Mission Statement

In classical sacrifices, the people get the good bits, and the gods get the refuse, the bits that would get thrown out otherwise.

Not our God. Leviticus (particularly Leviticus 3) describes the sacrifices that our LORD demanded from His people of Israel. God gets the kidneys, the tail, and all the fat. He gets the prime steak, He gets the best.

Today we do not literally give sacrifices of animals. For us the ultimate sacrifice has been made through our Lord, Christ Jesus. But should always be our ambition to do the same thing - to offer God the best of what we have, to offer Him the fat, and not the smoke and bones.

Monday, 1 February 2010

Using Your Gifts

I've been thinking about how we as Christians are expected to use the gifts that God has given us. Mostly because of the comments I get when I sing.

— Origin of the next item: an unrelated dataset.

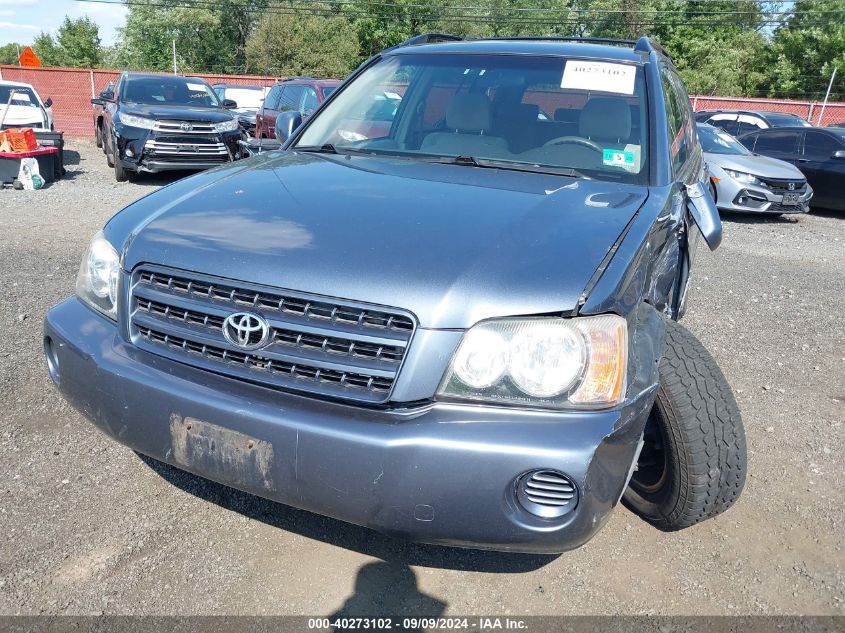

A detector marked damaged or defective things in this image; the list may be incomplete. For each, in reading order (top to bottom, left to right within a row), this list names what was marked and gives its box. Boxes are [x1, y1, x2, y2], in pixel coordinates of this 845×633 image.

damaged front bumper [42, 298, 656, 552]
cracked bumper [42, 298, 656, 552]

You see, I used to be a singer in a famous children's choir. I've sung overseas, including at an audience for the Pope, for royalty, ambassadors, etc. And that was before my voice matured. Now I sing well.

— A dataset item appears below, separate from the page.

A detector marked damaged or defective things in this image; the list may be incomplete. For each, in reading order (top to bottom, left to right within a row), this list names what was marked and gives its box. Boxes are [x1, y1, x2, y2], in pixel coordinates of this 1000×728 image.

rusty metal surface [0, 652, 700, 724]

And boy do I ever get comments. Both in the world and in the church, people who barely know me, who otherwise would never speak to me, will tell me what a beautiful voice I have and how I should be doing something with it.

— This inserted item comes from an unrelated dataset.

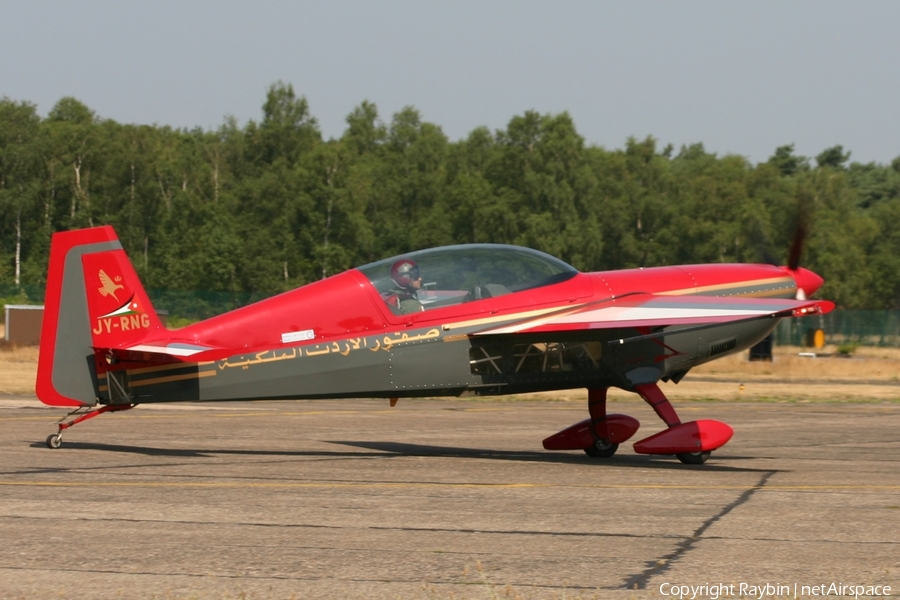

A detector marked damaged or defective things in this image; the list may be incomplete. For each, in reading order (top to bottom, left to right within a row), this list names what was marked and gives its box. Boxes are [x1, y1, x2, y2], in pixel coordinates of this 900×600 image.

This is kinda annoying. They heard me singing. Clearly I'm doing something with my voice.

But it's one thing to hear this at work, or other places in the world. I expect to be told that I should be releasing CDs and singing professionally (and presumably raking in the money) there. The world likes money, it likes fame.

But in the church?

I get told at least once a month that I should be part of the worship team. I was even ASKED to be part of the worship team - even though I'm not a member of JG (which is a requirement for such things). I said no, explaining that I was quite vain enough about my voice.

But seriously, why is it that the only way of "using a gift" is to do so in the most public possible manner?

God looks at the heart. He doesn't look at my voice the way people do. He considers it just as well used if I am singing to calm a crying child as if I am singing in front of thousands - and possibly singing for the child is far more important.

We need to focus on using our gifts the way God wants us to; not on "using" them in the most public manner possible.